BEGIN Input

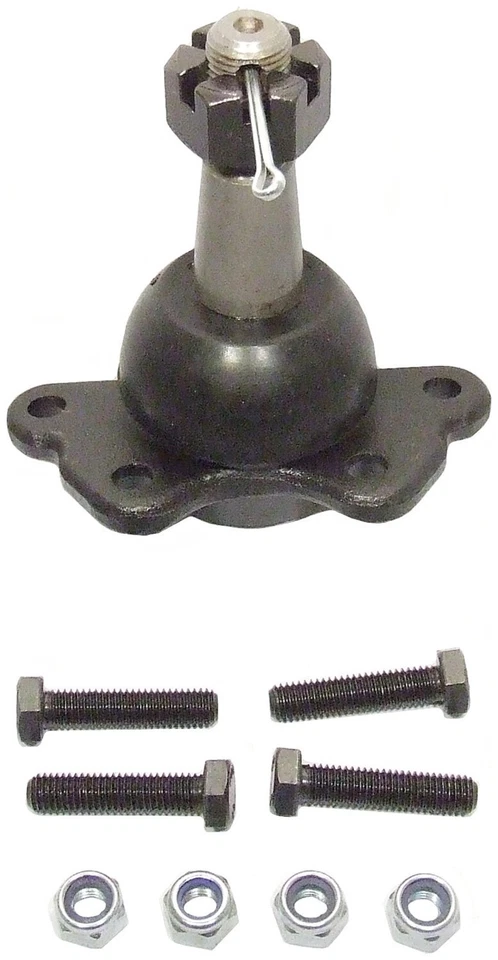 Rótula delantera superior Delphi para Chevrolet Tahoe 1995-1999 6,5 L V8 suspensión Foto 1 de 1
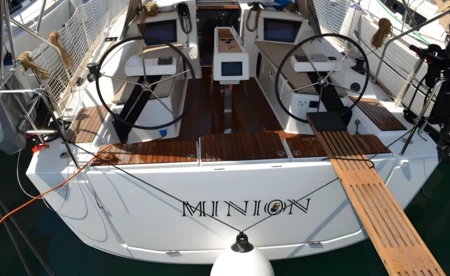Dufour 360 GL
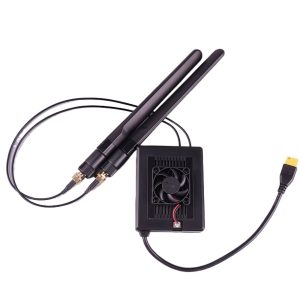 Siyi Fernsteuerungsempfänger HM30 Sky End Modul für RC-Modellflugzeuge und FPV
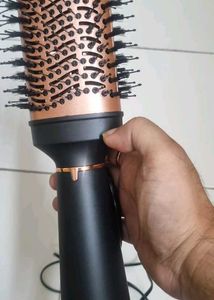 Urbanyog 2 In 1 Hair Straightner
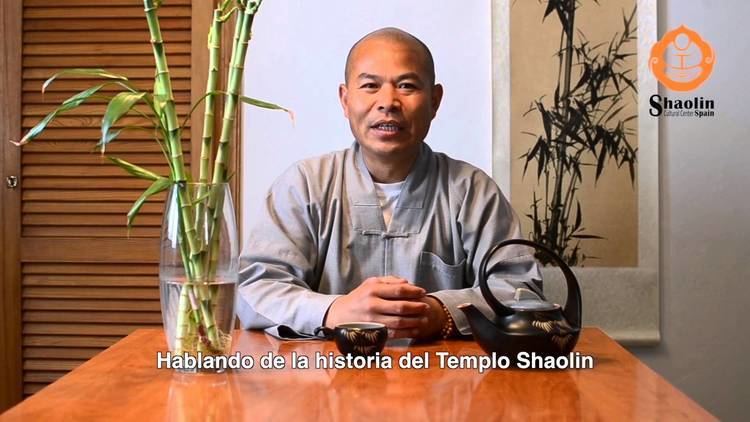 Shi De Yang Shaolin Spain Entrevista a Shi De Yang Parte 1 YouTube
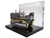 CAT Caterpillar Twenty Tractor 100th Anniversary Chrome and Gold Centennial Series 1/16 Diecast Model Diecast Masters 85760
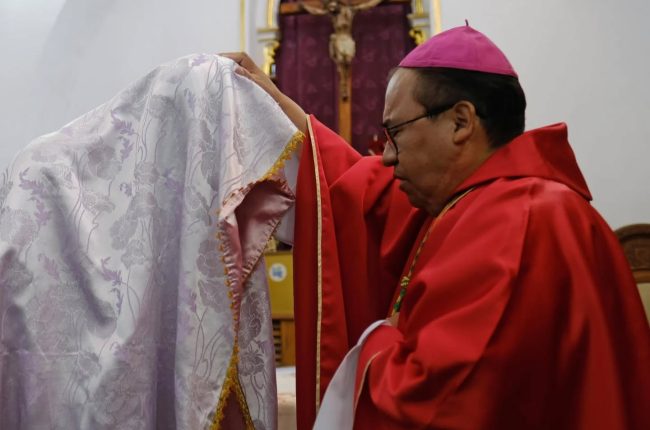 Celebrando el aniversario de Cochabamba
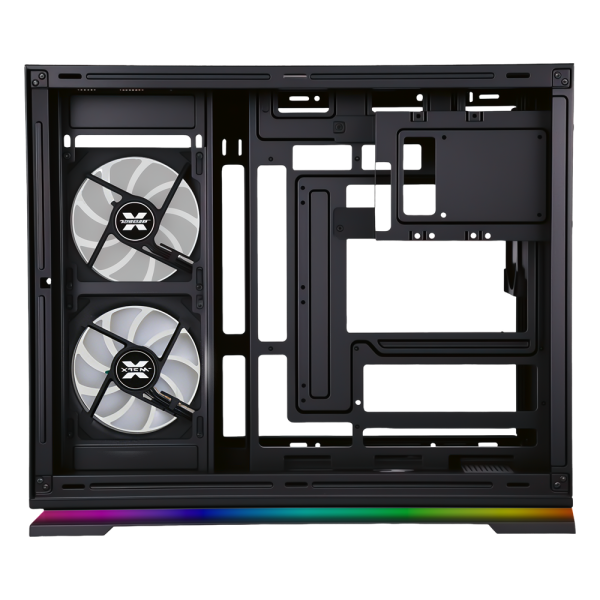 XTRMLAB OBSIDIAN MINI (Black) Les Moyennes Tours XTRMLAB, Ultra Pc Gamer Maroc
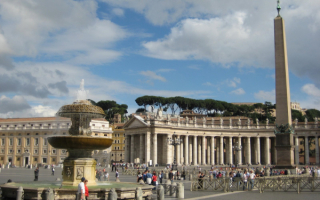 Рим - вечный город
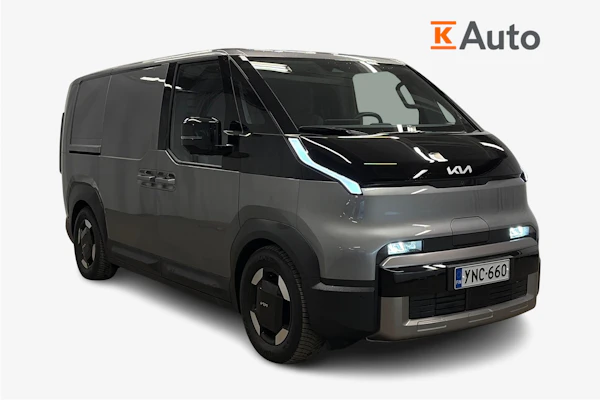Kia PV5 Cargo Inspiration FWD 71,2kWh 163hv 2P 5D L2H1 5-ovinen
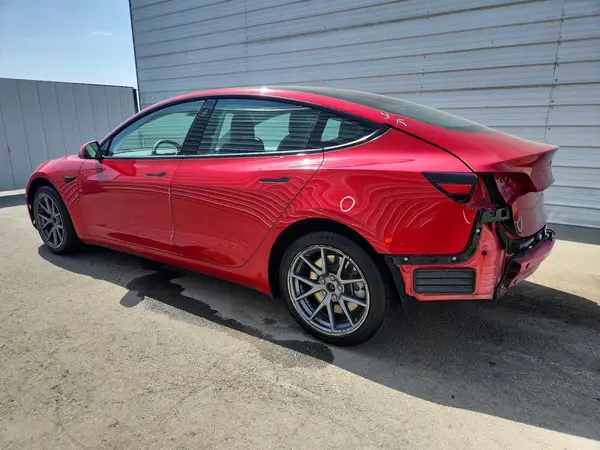5YJ3E1EA1NF289310 2022 TESLA MODEL 3 - Image 2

END Input

• Exercise goal: In the copy, leave out the pictures and restate the records exactly.

• Response to the task:
 Rótula delantera superior Delphi para Chevrolet Tahoe 1995-1999 6,5 L V8 suspensión Foto 1 de 1
Dufour 360 GL
 Siyi Fernsteuerungsempfänger HM30 Sky End Modul für RC-Modellflugzeuge und FPV
 Urbanyog 2 In 1 Hair Straightner
 Shi De Yang Shaolin Spain Entrevista a Shi De Yang Parte 1 YouTube
 CAT Caterpillar Twenty Tractor 100th Anniversary Chrome and Gold Centennial Series 1/16 Diecast Model Diecast Masters 85760
 Celebrando el aniversario de Cochabamba
 XTRMLAB OBSIDIAN MINI (Black) Les Moyennes Tours XTRMLAB, Ultra Pc Gamer Maroc
 Рим - вечный город
Kia PV5 Cargo Inspiration FWD 71,2kWh 163hv 2P 5D L2H1 5-ovinen
5YJ3E1EA1NF289310 2022 TESLA MODEL 3 - Image 2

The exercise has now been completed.